A single pbm-agent is only involved with one cluster (or non-sharded replica set). The pbm CLI tool can connect to any cluster it has network access to, so it is possible for one user to list and launch backups or restores on many clusters.

pbm-agent

Percona Backup for MongoDB requires one instance of pbm-agent to be attached locally to each mongod instance. This includes replicaset nodes that are currently secondaries and config server replicaset nodes in a cluster.

There is no pbm-agent config file. Some configuration is required for the service script (e.g. systemd unit file) that will run it though. See Configuring service init scripts.

The pbm-agent‘s backup and restore operations are triggered when it observes updates made to the PBM control collections by the pbm command line utility. In a method similar to the way replica set members elect a new primary the pbm-agent processes in the same replica set ‘elect’ one to do the backup or restore for that replica set.

PBM Command Line Utility (pbm)

pbm is the command you will use manually in the shell, and it will also work as a command that can be executed in scripts (for example, by crond). It manages your backups through a set of sub-commands:

$ pbm help
usage: pbm [<flags>] <command> [<args> ...]

Percona Backup for MongoDB

Flags:
  --help                     Show context-sensitive help (also try --help-long
                             and --help-man).
  --mongodb-uri=MONGODB-URI  MongoDB connection string.

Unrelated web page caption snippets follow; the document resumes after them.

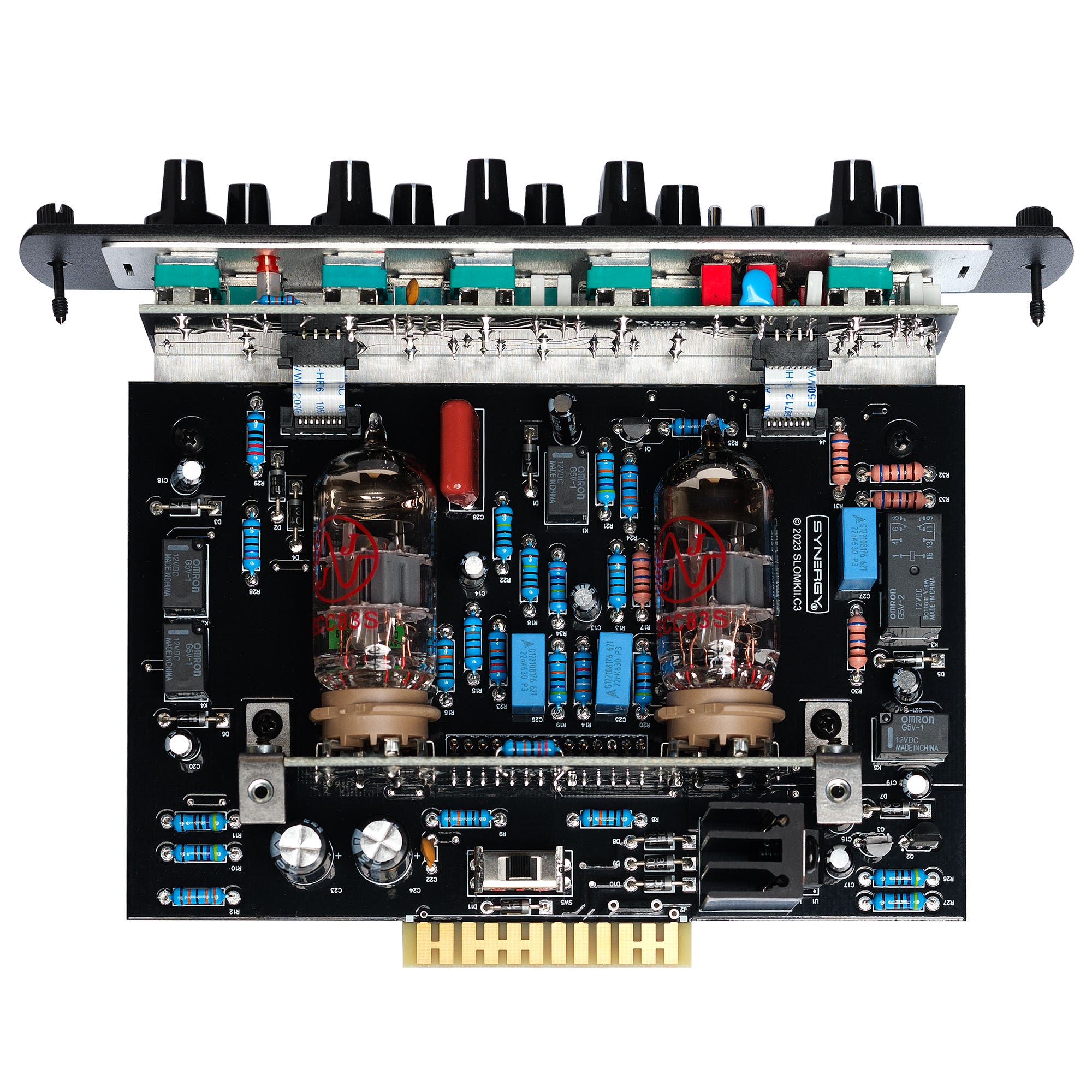 Synergy SLO II 2-ch Preamp Module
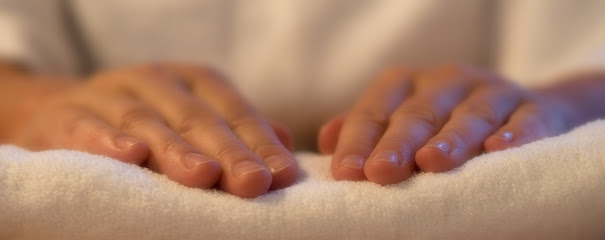 Interieur van Roya Massage-Pedicure-Wellness in Geleen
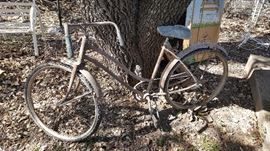 Old Bicycle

Default value read from
                             environment variable PBM_MONGODB_URI.

Commands:
  help [<command>...]
    Show help.

  config [<flags>]
    Set, change or list the config

  backup
    Make backup

  restore <backup_name>
    Restore backup

  delete-backup <backup_name> [<flags>]
    Delete backup(s)

  cancel-backup
    Cancel backup

  list [<flags>]
    Backup list

  version [<flags>]
    PBM version info

pbm modifies the PBM config by saving it in the PBM control collection for config values. Likewise it starts and monitors backup or restore operations by updating and reading other PBM control collections for operations, log, etc.

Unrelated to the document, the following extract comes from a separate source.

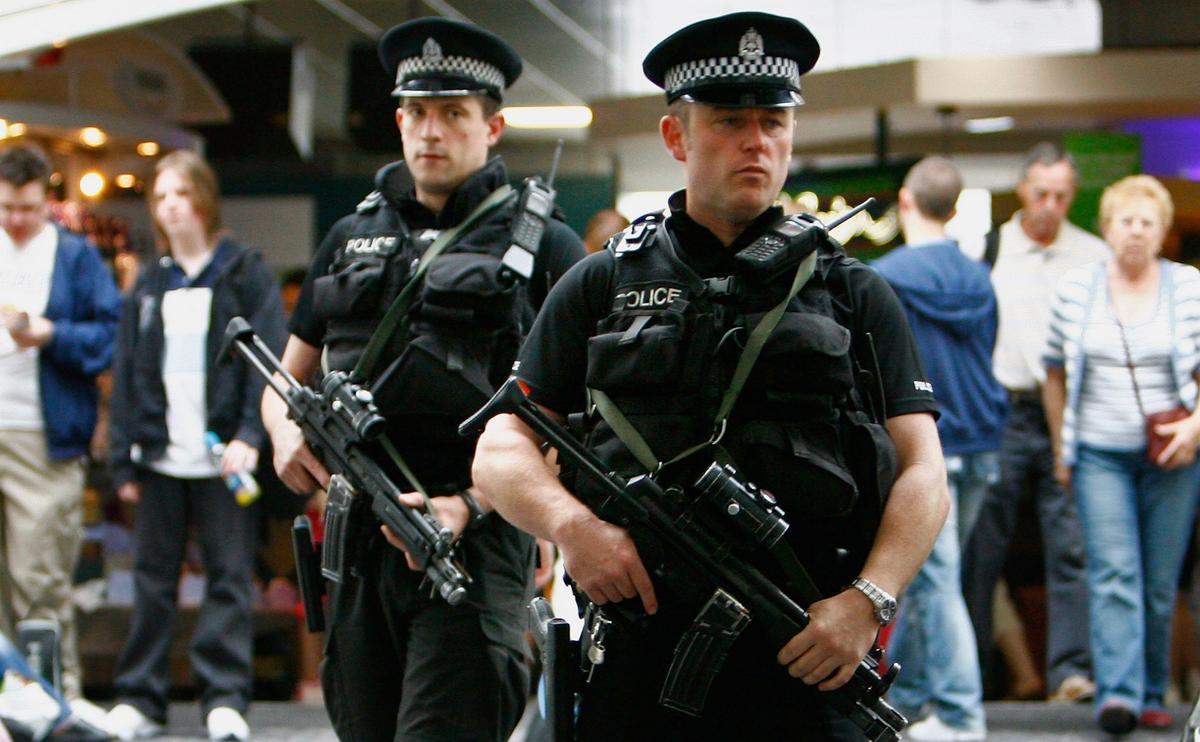 UK Raises Terror Alert to ‘Substantial,’ Fearing Strong Possibility of Attack by Irish Republican Dissidents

pbm does not have its own config and/or cache files per se. Setting the PBM_MONGODB_URI environment variable in your shell is a configuration-like step that should be done for practical ease though. (Without PBM_MONGODB_URI the --mongodb-uri command line argument will need to be specified each time.)

PBM Control Collections

The config and state (current and historical) for backups is stored in collections in the MongoDB cluster or non-sharded replica set itself. These are put in the system admin db of the config server replica set to keep them cleanly separated from user db namespaces. (In a non-sharded replicaset the admin db of the replica set itself is used.)

  • admin.pbmConfig
  • admin.pbmCmd (Used to define and trigger operations)
  • admin.pbmLock (pbm-agent synchronization-lock structure)
  • admin.pbmBackup (Log / status of each backup)

The pbm command line tool creates these collections as needed. You do not have to maintain these collections, but you should not drop them unnecessarily either. Dropping them during a backup will cause an abort of the backup.

Filling the config collection is a prerequisite to using PBM for executing backups or restores. (See config page later.)

Remote Backup Storage

Conceptually or actually PBM saves your files to a directory. Conceptually in the case of object store; actually if you are using filesystem-type remote storage. Using pbm list, a user can scan this directory to find existing backups even if they never used pbm on their computer before.

The files are prefixed with the (UTC) starting time of the backup. For each backup there is one metadata file. For each replicaset in the backup:

  • A mongodump-format compressed archive that is the dump of collections
  • A (compressed) BSON file dump of the oplog covering the timespan of the backup.

The end time of the oplog slice(s) is the data-consistent point in time of a backup snapshot.